Opsware Creates Uber Shell for System Admins
by Timothy Prickett Morgan
For all of the advancement in systems management tools over the past two decades as we have gone through the minicomputer, client/server, and Internet revolutions, the dominant way that most system administrators in the world deal with the dozens or hundreds of machines they keep running every day is through an old-fashioned command line interface in an ASCII or EBCDIC shell. Rather than try to fight this trend and the overwhelming use of scripts by sysadmins to do routine tasks, Opsware has taken the shell and CLI to a whole new level with its new Global Shell.
This stands to reason when you know a little bit about what Opsware has expertise in and where it came from. When a lot of vendors bash the concept of using scripts to manage servers--which is the tried and true method that sysadmins employ in their day-to-day tasks--Opsware's Server Automation System is more like a master scripting engine than anything else, with the scripts controlling the provisioning of bare metal servers, operating systems, and applications and the application of patches and updates to software. Opsware also sells a similar Network Automation System (from the Rendition Networks acquisition from late 2004) and an Asset Management System (from the acquisition at the end of 2003 of Tangram Enterprise Solutions). Before Opsware wanted to take on servers, networks, and asset management with its script-based management tools, it was a spinout of Internet hosting company Loudcloud, which was founded by Marc Andreesen, the whiz kid programmer behind the Netscape browser and server business that sparked the dot-com boom. Scripting is in Opsware's blood, and it doesn't want to get rid of it. Rather, it wants to make it a centrally controlled process that spans across multiple and often incompatible distributed systems.
Opsware announced its Opsware Server Automation System (release 5.1, and code-named Darwin) in May, and the Global Shell feature the company announced last week for that software at the LinuxWorld trade show in San Francisco takes the command line interface and the use of shells to greater heights.. Just as system monitoring programs have evolved from taking care of a single system to transaction-oriented tools that can span distributed systems and aggregate data, the Global Shell is used to manage scripts that can be run across many different platforms in a distributed fashion, but not only from a single console, but from the shell of choice for the system administrators who take care of Linux, Unix, and Windows servers.
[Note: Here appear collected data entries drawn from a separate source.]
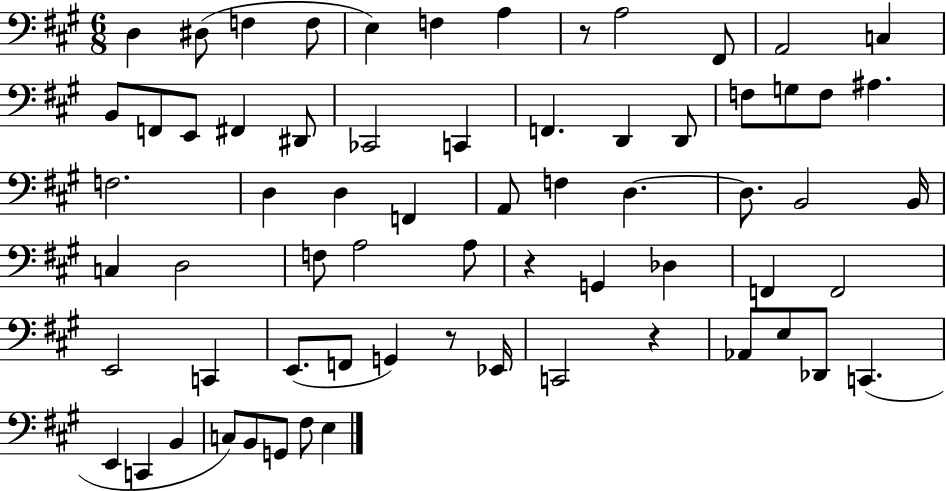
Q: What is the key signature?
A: A major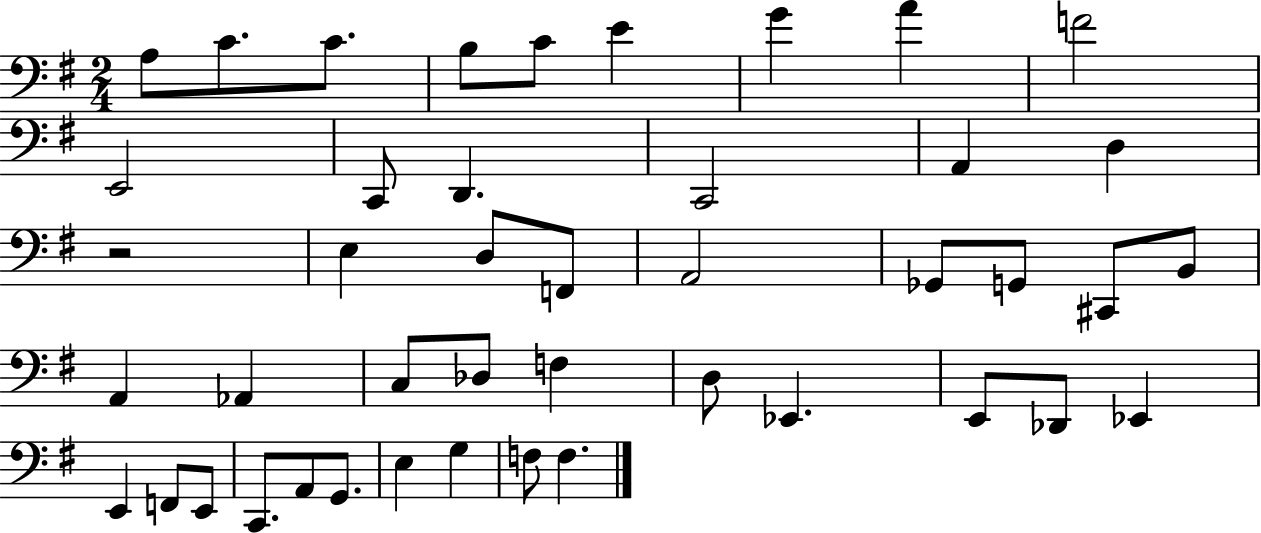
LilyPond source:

{
  \clef bass
  \numericTimeSignature
  \time 2/4
  \key g \major
  a8 c'8. c'8. | b8 c'8 e'4 | g'4 a'4 | f'2 | \break e,2 | c,8 d,4. | c,2 | a,4 d4 | \break r2 | e4 d8 f,8 | a,2 | ges,8 g,8 cis,8 b,8 | \break a,4 aes,4 | c8 des8 f4 | d8 ees,4. | e,8 des,8 ees,4 | \break e,4 f,8 e,8 | c,8. a,8 g,8. | e4 g4 | f8 f4. | \break \bar "|."
}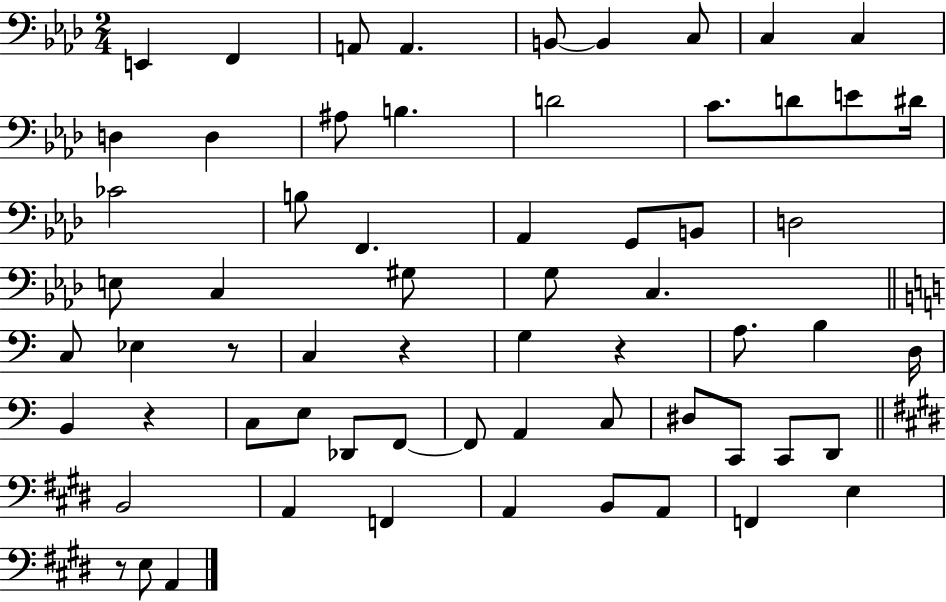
{
  \clef bass
  \numericTimeSignature
  \time 2/4
  \key aes \major
  e,4 f,4 | a,8 a,4. | b,8~~ b,4 c8 | c4 c4 | \break d4 d4 | ais8 b4. | d'2 | c'8. d'8 e'8 dis'16 | \break ces'2 | b8 f,4. | aes,4 g,8 b,8 | d2 | \break e8 c4 gis8 | g8 c4. | \bar "||" \break \key a \minor c8 ees4 r8 | c4 r4 | g4 r4 | a8. b4 d16 | \break b,4 r4 | c8 e8 des,8 f,8~~ | f,8 a,4 c8 | dis8 c,8 c,8 d,8 | \break \bar "||" \break \key e \major b,2 | a,4 f,4 | a,4 b,8 a,8 | f,4 e4 | \break r8 e8 a,4 | \bar "|."
}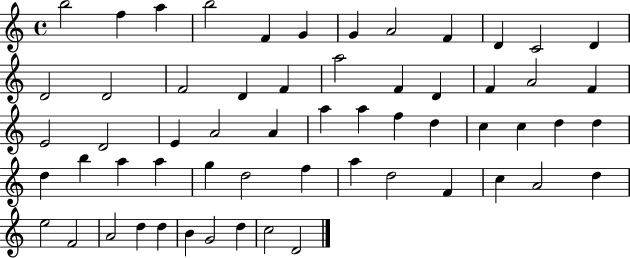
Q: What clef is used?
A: treble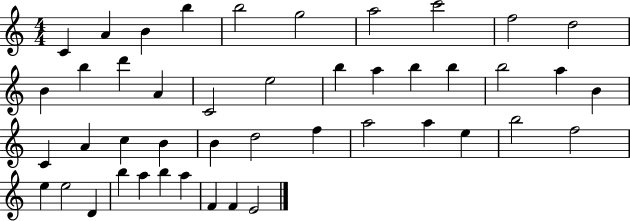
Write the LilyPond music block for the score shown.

{
  \clef treble
  \numericTimeSignature
  \time 4/4
  \key c \major
  c'4 a'4 b'4 b''4 | b''2 g''2 | a''2 c'''2 | f''2 d''2 | \break b'4 b''4 d'''4 a'4 | c'2 e''2 | b''4 a''4 b''4 b''4 | b''2 a''4 b'4 | \break c'4 a'4 c''4 b'4 | b'4 d''2 f''4 | a''2 a''4 e''4 | b''2 f''2 | \break e''4 e''2 d'4 | b''4 a''4 b''4 a''4 | f'4 f'4 e'2 | \bar "|."
}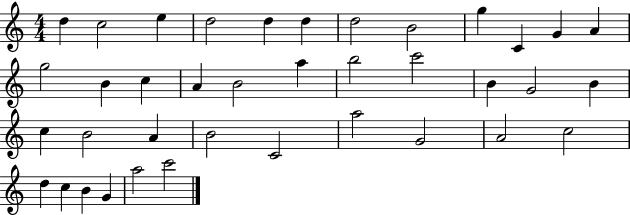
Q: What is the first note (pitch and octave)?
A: D5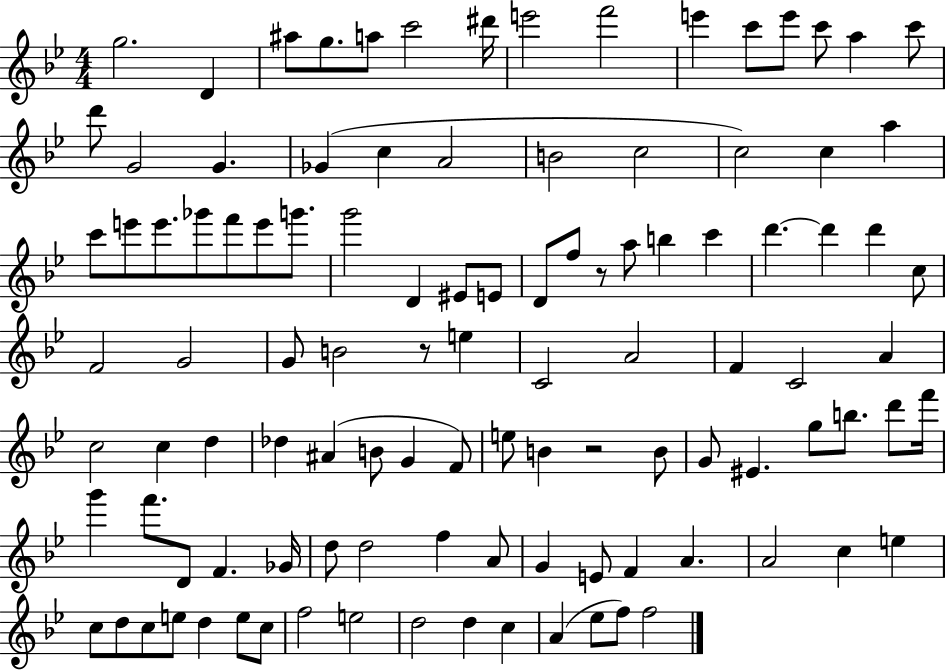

Of course, making a shell that spans these platforms is no easy task, explains Eric Vishria, director of product management at Opsware. But he says his company has done it with Global Shell, which can make a network of systems that are situated in many different locations look as if they are a single system. Not only that, but systems can be grouped in many different ways using Global Shell, which can organize systems by platform, operating system, applications, location, and myriad other ways. System admins using Global Shell don't have to learn anything new--they pick zsh, ksh, tsch, bash or the shell of their choice, and Global Shell virtualizes the systems in the network and makes them look like individual directories in a virtual file system that is backed by the Opsware Data Model. They write their scripts in Perl, Python, Ruby, or whatever floats their boat. The Global Shell allows a script that might, for instance, apply a patch to a Windows box to be run once in the shell and then executed simultaneously on all of the Windows boxes under the control of Opsware's tools. Scripting allows repetitive tasks to be automated, but Global Shell allows scripts to be cascaded and run in parallel, saving a huge amount of time that would otherwise be spent manually poking around the network identifying the machines on which to run the script and then executing them in series by copying and pasting between shells.
But that may not be the main benefit of Global Shell. Vishria says the company has been showing prototypes of the Global Shell to customers since it introduced the Darwin release, and while system administrators get excited about how it can cut down the time for certain tasks from dozens of hours to minutes, IT managers like the central auditing and control aspects of the Global Shell. As most people know, sysadmins are cowboys. They sometimes use Telnet, even if that is not secure. They access systems over NFS without SSL encryption. They simplify user names and passwords--often using the same one on many systems--and they usually share passwords among many different people. So people using Secure Shell to bop between machines to run scripts can't be tracked or traced. There is no audit trail, and in a compliance-crazed world, you have to show who accessed what system when and how. "Management gets very excited about this auditability that comes with Global Shell and the ability to shut down all other methods of access to the systems in the network," says Vishria.
Global Shell is a feature of the Opsware Server Automation System, and it cannot be acquired separately. Server Automation System costs $1,200 per server for a typical configuration. Customers who already have the Opsware code will get Global Shell as part of their maintenance contracts.